Cübbeli Ahmet Hoca, Twitter hesabından hem bir video paylaştı, hem de flood yaparak bu konudaki uyarılarını tekrarladı. Diyânet'in bu işin kontrolünü kaybetmiş durumda olduğunu savunan Ahmet Mahmut Ünlü, açıklamalarını şöyle sürdürdü: "Diyânet'i uyarıyoruz. Hangi ırktan ve milletten olursa olsun eğer câmiilerde bu adamlara konuşma izni verirseniz Selefîliğe Vehhabîliğe hizmet edip iç savaşı körüklemiş olacaksınız. Diyânet en kısa zamanda kendine gelmeli, bünyesindeki sapık i'tikâdlı Vehhâbî zihniyetli adamları da tespit edip ihrâc etmeli ve câmiileri de mutlakâ kontrol altına almalıdır. Diyânet'e Vehhâbîler yerleşmiş ve bâzı müftüler de Vehhâbîleri câmiide konuşturuyorsa, Suriye Ulemâsı Birliği Başkanı Üsâme er-Rifâ'î Hazretleri ne yapabilir?"

"AKİT'İN DAĞITTIĞI SELEFİ KİTABINI YAKIN"
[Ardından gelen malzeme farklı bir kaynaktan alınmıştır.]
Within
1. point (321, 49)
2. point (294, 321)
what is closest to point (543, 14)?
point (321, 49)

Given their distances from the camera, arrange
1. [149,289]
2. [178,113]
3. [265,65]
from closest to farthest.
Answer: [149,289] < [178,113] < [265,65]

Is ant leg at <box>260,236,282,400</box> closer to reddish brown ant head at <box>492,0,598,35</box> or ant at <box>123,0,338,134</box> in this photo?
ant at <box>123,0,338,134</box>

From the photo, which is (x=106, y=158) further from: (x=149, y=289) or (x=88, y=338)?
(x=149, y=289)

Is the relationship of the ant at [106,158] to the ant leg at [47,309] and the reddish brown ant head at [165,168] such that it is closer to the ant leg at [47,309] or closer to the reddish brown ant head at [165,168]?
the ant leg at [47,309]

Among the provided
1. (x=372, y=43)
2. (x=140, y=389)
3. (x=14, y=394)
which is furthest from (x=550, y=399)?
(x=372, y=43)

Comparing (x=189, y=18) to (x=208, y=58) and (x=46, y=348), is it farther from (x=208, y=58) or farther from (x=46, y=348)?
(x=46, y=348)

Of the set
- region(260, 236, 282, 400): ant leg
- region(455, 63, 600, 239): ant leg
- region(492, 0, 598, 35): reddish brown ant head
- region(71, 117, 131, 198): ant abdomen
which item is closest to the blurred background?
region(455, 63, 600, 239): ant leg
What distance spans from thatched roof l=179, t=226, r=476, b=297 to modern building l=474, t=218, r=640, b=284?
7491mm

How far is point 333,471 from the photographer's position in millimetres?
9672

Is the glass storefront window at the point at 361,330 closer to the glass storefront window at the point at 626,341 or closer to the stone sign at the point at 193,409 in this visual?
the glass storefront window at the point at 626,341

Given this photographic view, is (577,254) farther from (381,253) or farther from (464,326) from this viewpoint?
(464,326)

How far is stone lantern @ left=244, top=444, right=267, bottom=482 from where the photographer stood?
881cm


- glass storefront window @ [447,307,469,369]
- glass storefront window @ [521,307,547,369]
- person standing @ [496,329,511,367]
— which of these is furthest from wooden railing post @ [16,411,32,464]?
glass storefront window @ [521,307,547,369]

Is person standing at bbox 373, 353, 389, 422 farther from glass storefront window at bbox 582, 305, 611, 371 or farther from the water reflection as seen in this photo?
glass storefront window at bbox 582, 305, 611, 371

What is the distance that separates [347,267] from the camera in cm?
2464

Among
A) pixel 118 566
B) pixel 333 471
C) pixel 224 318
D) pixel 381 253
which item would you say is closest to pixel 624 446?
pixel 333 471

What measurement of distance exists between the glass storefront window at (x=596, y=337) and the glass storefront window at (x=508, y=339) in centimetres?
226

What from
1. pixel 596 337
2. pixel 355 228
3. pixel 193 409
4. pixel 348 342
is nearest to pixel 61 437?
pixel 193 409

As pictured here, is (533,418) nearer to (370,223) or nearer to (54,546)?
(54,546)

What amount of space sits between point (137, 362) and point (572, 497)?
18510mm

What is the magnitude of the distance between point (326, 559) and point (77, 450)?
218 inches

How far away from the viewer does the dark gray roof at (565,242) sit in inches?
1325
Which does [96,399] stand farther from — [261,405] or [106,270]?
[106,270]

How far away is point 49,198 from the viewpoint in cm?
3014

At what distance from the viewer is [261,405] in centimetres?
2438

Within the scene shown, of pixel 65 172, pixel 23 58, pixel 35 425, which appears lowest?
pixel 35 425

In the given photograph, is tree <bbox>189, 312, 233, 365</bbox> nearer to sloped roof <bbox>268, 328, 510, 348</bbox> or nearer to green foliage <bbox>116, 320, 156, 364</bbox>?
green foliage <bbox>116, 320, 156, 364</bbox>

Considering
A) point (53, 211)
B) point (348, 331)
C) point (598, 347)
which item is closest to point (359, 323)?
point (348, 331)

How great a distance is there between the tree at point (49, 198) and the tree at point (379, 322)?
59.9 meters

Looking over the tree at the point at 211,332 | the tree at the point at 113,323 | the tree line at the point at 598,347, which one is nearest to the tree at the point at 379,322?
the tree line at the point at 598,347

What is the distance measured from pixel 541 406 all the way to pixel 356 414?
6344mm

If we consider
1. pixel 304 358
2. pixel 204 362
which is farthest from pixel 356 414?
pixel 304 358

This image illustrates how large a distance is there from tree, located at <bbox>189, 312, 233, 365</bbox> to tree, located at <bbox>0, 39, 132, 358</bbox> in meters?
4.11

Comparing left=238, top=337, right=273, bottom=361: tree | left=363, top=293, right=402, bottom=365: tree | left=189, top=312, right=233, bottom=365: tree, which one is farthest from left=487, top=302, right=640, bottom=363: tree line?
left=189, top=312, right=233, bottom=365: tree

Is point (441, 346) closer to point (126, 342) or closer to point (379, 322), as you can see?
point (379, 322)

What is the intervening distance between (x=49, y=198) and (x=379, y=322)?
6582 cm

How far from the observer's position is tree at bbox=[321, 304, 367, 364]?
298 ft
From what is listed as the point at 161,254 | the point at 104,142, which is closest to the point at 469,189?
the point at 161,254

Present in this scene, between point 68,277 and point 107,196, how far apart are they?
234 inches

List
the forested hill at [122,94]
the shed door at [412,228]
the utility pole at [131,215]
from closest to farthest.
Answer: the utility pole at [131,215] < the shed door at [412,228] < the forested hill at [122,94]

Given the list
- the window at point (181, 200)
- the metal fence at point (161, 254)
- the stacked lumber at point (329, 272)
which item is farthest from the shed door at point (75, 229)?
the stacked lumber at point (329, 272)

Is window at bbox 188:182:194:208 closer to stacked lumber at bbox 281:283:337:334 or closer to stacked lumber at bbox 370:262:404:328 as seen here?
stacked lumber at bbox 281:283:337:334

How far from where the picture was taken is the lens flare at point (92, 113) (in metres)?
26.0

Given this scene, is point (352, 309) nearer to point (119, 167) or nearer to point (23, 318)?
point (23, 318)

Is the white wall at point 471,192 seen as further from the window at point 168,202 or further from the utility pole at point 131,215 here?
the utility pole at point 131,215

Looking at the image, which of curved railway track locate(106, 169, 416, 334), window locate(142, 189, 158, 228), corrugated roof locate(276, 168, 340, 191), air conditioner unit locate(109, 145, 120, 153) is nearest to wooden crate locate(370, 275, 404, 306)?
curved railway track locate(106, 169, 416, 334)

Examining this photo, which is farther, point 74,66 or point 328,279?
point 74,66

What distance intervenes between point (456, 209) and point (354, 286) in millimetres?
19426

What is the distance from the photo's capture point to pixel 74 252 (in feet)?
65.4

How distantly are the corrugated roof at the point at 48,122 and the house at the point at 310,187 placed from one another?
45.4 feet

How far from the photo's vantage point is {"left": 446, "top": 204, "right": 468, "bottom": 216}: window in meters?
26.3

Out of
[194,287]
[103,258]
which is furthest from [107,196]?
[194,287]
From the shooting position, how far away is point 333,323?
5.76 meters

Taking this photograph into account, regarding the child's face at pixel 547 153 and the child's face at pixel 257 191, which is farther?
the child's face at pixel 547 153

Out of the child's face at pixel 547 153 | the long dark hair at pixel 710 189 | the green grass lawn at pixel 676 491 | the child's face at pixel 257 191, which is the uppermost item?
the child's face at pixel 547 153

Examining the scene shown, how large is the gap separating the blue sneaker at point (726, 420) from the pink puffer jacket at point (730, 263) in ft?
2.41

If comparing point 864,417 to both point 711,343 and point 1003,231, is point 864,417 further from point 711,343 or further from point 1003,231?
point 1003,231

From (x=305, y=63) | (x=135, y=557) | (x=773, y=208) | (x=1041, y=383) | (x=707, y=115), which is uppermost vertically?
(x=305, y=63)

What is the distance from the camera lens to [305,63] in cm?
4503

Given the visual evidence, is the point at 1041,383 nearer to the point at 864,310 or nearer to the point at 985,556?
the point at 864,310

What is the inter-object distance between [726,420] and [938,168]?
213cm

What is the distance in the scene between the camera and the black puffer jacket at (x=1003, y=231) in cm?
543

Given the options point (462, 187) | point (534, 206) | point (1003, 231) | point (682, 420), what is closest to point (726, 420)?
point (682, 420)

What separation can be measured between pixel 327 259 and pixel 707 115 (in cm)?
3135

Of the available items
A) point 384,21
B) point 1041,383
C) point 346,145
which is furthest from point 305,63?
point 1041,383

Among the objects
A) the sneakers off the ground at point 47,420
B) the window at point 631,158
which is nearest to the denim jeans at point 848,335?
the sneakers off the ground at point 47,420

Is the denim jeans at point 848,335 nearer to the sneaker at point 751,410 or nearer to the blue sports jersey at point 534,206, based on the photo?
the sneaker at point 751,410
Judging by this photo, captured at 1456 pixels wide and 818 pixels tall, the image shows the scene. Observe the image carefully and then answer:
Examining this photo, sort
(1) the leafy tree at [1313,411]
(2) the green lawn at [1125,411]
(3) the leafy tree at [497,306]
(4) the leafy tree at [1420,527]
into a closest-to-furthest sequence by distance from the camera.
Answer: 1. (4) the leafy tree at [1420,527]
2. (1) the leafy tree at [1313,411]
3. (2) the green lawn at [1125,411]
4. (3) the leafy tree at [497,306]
İsmailağa Cemaati'nin önde gelen isimlerinden olan Ahmet Mahmut Ünlü, Akit Gazetesi'nin dağıttığı Vehhâbîlerin en büyük kitabı Kitabu't-Tevhîd'i okumama konusunda da uyarıda bulundu, hatta evlerde varsa yakılmasını istedi. Ünlü, sözlerini şöyle sürdürdü: "Sonuç olarak; Osmân el-Hamîs ve Mahmûd el-Hasenât gibi adamların Türkiye'ye giriş çıkışları âcilen iptâl edilmelidir. Şahıslar hakkında isimleri çoğaltabiliriz. Bu adamların Sayın Cumhurbaşkanımızı methetmeleri ve devletimize sâhip çıkar gibi görünüp Türk bayraklı paylaşımlar yapmaları bizi aldatmamalıdır. Çünkü biz onların Arapça konuştukları diğer videolarında Mâturîdîlere, bizim bütün Türk Halkı'nın Müslümanlarına kâfir dediklerini görüyor ve biliyoruz. Bunlar şu anda kendilerine yer edinmeyi hedefliyorlar, daha sonra da câmiilerde bu kadar kalabalık toplayan bu kişilerin insanlarda büyük etkisi olduğu için onları sokağa dökmesi kaçınılmaz olacaktır. Tabii böylesi tahrîklerden Arap kardeşlerimiz daha ziyâde etkilenip memlekette iç karışıklığa sebebiyet vereceklerdir. Bundan dolayı devlet büyüklerimizi uyarıyoruz."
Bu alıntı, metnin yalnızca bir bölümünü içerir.